LoRA Fine-Tuning Tutorial

Info

What is LoRA Fine-Tuning?

LORA (Low-Rank Adaptation) is a fine-tuning technique for large pre-trained models. It does not change most of the parameters of the original model but adjusts part of the model's weights to achieve optimization for specific tasks.

The LoRA fine-tuning method in this article comes from the RWKV community fine-tuning project RWKV-PEFT.

Before starting the LoRA fine-tuning, make sure you have a Linux workspace and an NVIDIA graphics card that supports CUDA.

LoRA VRAM Reference

The GPU VRAM requirements for RWKV LoRA fine-tuning can be referred to in the following table:

RWKV-7

Model Parameters	bf16	int8	nf4
RWKV7-0.1B	2.7GB GPU	2.5GB GPU	2.4GB GPU
RWKV7-0.4B	3.4GB GPU	2.9GB GPU	2.7GB GPU
RWKV7-1.5B	5.6GB GPU	4.6GB GPU	3.9GB GPU
RWKV7-2.9B	8.8GB GPU	6.7GB GPU	5.7GB GPU

RWKV-6

Model Parameters	bf16	int8	nf4
RWKV6-1.6B	7.3GB GPU	5.9GB GPU	5.4GB GPU
RWKV6-3B	11.8GB GPU	9.4GB GPU	8.1GB GPU
RWKV6-7B	23.7GB GPU	17.3GB GPU	14.9GB GPU

The data in the above table is based on the following training parameters:

ctxlen=1024
micro_bsz=1
strategy=deepspeed_stage_1
lora_r=64

As the training parameters change, the VRAM required for RWKV LoRA fine-tuning will also change.

Collect Training Data

You need to collect binidx data that is more suitable for training RWKV. For specific methods, you can refer to Preparing the Training Dataset.

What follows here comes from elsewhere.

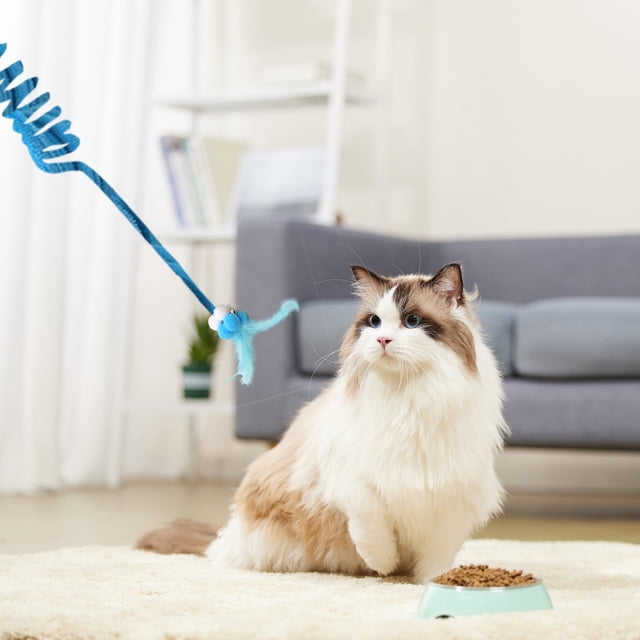 Pelota de juguete con cascabeles para gatos | Juguete interactivo colgante para jugar y hacer ejercicio | Varita de plumas para gatitos y gatos adultos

Configure the Training Environment

To train the RWKV model, you first need to configure the training environment such as conda. For the specific process, please refer to the RWKV Training Environment Configuration section.

Clone the Repository and Install Dependencies

In Linux or WSL, use the git command to clone the RWKV-PEFT repository:

git clone https://github.com/JL-er/RWKV-PEFT.git

After the cloning is completed, use the cd RWKV-PEFT command to enter the RWKV-PEFT directory. And run the following command to install the dependencies required by the project:

pip install -r requirements.txt

Modify the Training Parameters

Open the run_lora.sh file in the RWKV-PEFT/scripts directory using any text editor (such as vscode), and you can modify the training parameters to control the fine-tuning training process and training effect:

lora-sh-config

The following is a parameter adjustment process for LoRA fine-tuning:

Adjust the Path Parameters

The first three lines of the run_lora.sh file are file path parameters:

load_model: The path of the base RWKV model
proj_dir: The output path of the training log and the LoRA file obtained from training
data_file: The path of the training dataset. Note that there is no need to include the bin and idx suffixes in the path, only the file name is required.

Adjust the n_layer and n_embd Parameters

Warning

For RWKV models with different parameters, the values of n_layer and n_embd used during training are different.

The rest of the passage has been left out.